To think Spencer Carbery was thinking of leaving coaching 14 years ago to go into the financial business. The 42-year-old from Victoria, in his first season as an NHL head coach, has continued his dizzying career rise behind the bench by guiding the ­Washington Capitals into the Stanley Cup playoffs when few thought that was possible for this Caps team.

“It’s pretty surreal,” said Carbery, in his post-game media scrum Tuesday night in ­Philadelphia.

“I don’t think I ever actually conceptualized this moment.”

It came about because of ­lessons absorbed on the Island. Carbery has told the Times Colonist he still relies on what he learned from his Island hockey coaches: “They all helped mould my hockey mind.” He has cited Jack Hagen and Craig Didmon at the Racquet Club of Victoria, Pete Zubersky with the Peninsula Panthers of the Vancouver Island Junior Hockey League and Greg Adams at Cowichan Valley of the B.C. Hockey League.

Even more influential was his dad Bryan Carbery, the retired head coach of the University of Victoria golf team, who guided the Vikes to four Royal Canadian Golf Association university titles in his 13 years at the UVic helm.

Hardly surprisingly, Spencer Carbery knows his way around golf courses as well as rinks and was Lower Island age-group champion at 14 as a member of Uplands.

Carbery, the 20th head coach in Capitals history, joins ­Carolina Hurricanes mentor Rod Brind’Amour of Campbell River as the second head coach from the Island in this year’s Stanley Cup playoffs.

“When it happens, you are a little bit taken back,” ­admitted Carbery, during his media scrum in Philadelphia, after the underdog Caps clinched a playoff berth.

“I’m just proud, really, really proud of the group.
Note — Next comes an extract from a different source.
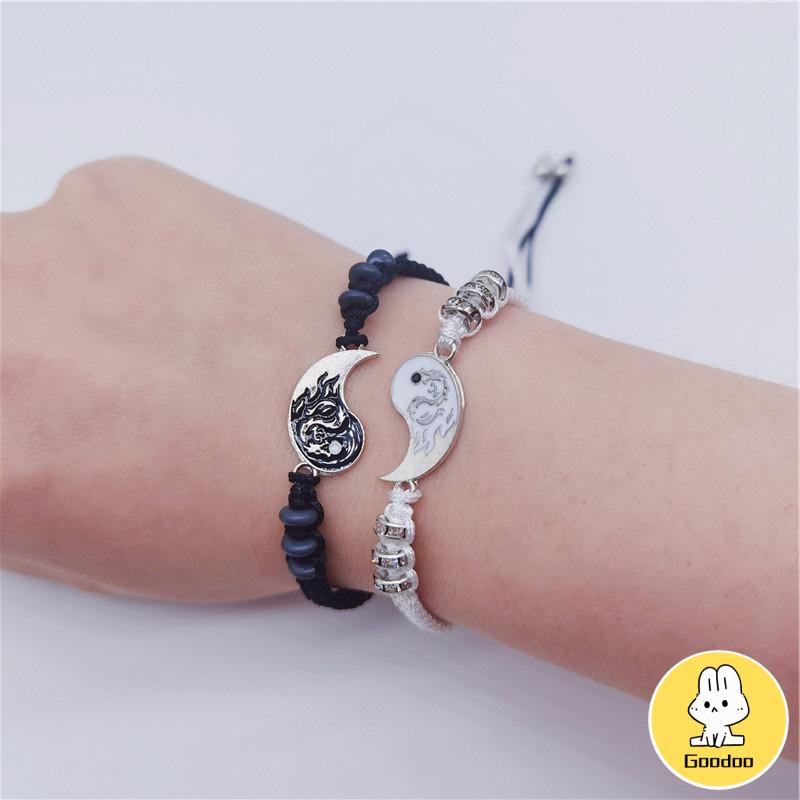 2pcs Gelang Couple Dikepang Gosip Tai Chi Adjustable Fashion Accessories Hadiah Aksesoris Bracelet -Doo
We found a way to get into the Stanley Cup playoffs. Our players are all in different stages of their careers and their lives. But you can tell how badly they wanted to find ways to win. Everyone’s going to say we’ve got no business being here. That’s the narrative. That’s fine. Now we want to make good on it and put our best foot ­forward.

“I know this group is not going to be content just showing up for the Stanley Cup playoffs.”

The ascension is far from complete — only hoisting the Stanley Cup would do that — but this is an important milestone along Carbery’s career path. He played NCAA Div. III and then as a pro in the ECHL with Fresno, Stockton, Bakersfield and skated against his ­hometown Victoria Salmon Kings. He closed out his playing career in the ECHL with South Carolina, the team that came to like his hockey mind, and offered him his first coaching job.

Carbery said coaching in the minors taught him about the pro game at the granular level. ­Picking up and dropping off players at the airport at all hours, after AHL promotions or demotions, was just part of the job. Carbery did all the gritty tasks required at that level and steadily worked his way up, coaching the South Carolina Stingrays in the ECHL to much success from 2011 to 2016 with a 207-115-39 record and a Game 7 appearance in the 2015 Kelly Cup final.

Carbery was named head coach of the Saginaw Spirit of the major-junior OHL in ­2016-17 and was assistant coach with Team Canada Black for the 2017 World U-17 Hockey Challenge. He jumped back to the pros as assistant coach in the AHL with the Providence Bruins and was named head coach of the Hershey Bears in 2018. Carbery accumulated an impressive three-season record of ­104-50-17 with the Bears and was named AHL coach of the year in ­2020-21, leading to a step up to the NHL in 2021-22 as assistant coach of the Toronto Maple Leafs under Sheldon Keefe.

Carbery was named head coach of the Capitals at the beginning of this season but those early lessons from the ECHL and AHL never left him: “We are drafting and bringing people in who are gamers. This organization prioritizes people and players like that.”

The Capitals will meet the New York Rangers in the first round of the Stanley Cup ­playoffs starting Sunday.

“[Rangers] are the best team in the NHL and we have our hands full for sure,” said ­Carbery.